Standard Stock and Mining Exchange
- Industry: Stock exchange
- Founded: 25 June 1900
- Defunct: 5 February 1934
- Fate: Merged into the Toronto Stock Exchange
- Headquarters: 33 Temperance Street, Toronto, Ontario

= Standard Stock and Mining Exchange =

Canadian stock exchange (1900–1934)
The Standard Stock and Mining Exchange (SSME) was a Canadian stock exchange that existed from 1900 to 1934. The SSME was founded in 1900 through the merger of two existing mining exchanges that had been formed in 1898 and 1899 respectively.

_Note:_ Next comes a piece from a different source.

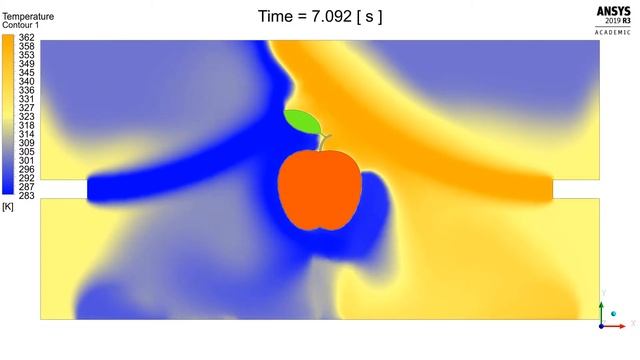 Ansys Fluent: Two Water Jets Firing Against An Apple: Temperature Animation смотреть онлайн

Throughout its history, the SSME was the world's largest mining exchange and the second largest stock exchange in Toronto. The development of the SSME helped make Toronto the center of Canada's mining industry, which in turn would lead to the city's eclipse of Montreal as the country's financial capital.

Despite its preeminence in Canadian mining financing, the SSME was rife with speculation and fraud. Consequently, following the creation of the Ontario Securities Commission in 1931, the new commission pushed the SSME to merge with the more reputable Toronto Stock Exchange. In February 1934, the SSME merged with the TSE, continuing under the latter's name. As a result of the 1934 merger, today the TSE remains the world's largest market for mining financing.

== Predecessor exchanges ==

=== Toronto Mining and Industrial Exchange ===
The Toronto Mining and Industrial Exchange was formed in the wake of the mining boom in Rossland, British Columbia. In 1896, John Allister Currie travelled to Rossland, and on his return instigated the creation of a mining exchange.

The first evidence of the TMIE came on 14 January 1898, when the Globe reported that the previous day a group of brokers had met to form the exchange. Those present at the meeting were J. A. Currie, C. B. Murray, S. Bassett, F. McPhillips, F. A. Hall, William C. Fox, J. B. Coulthard, R. Dixon, J. Hugo Ross, Lewis Bacque, Edward Strachan Cox, and J. S. Sharp. Currie was elected president, McPhillips as first vice-president, Fox as second vice-president, Murray as secretary, and Basset as treasurer. Membership on the exchange was limited to 15, and the first call would be on Monday, 17 January at 11:30 am. Despite the ostensible origin on 13 January 1898, later sources referred to the exchange as having been founded in "early 1897," while the Standard celebrated its 30th anniversary in January 1927. Given the lack of evidence for the existence of the exchange before 1898, the references to a January 1897 origin likely were errors stemming from a paucity of records.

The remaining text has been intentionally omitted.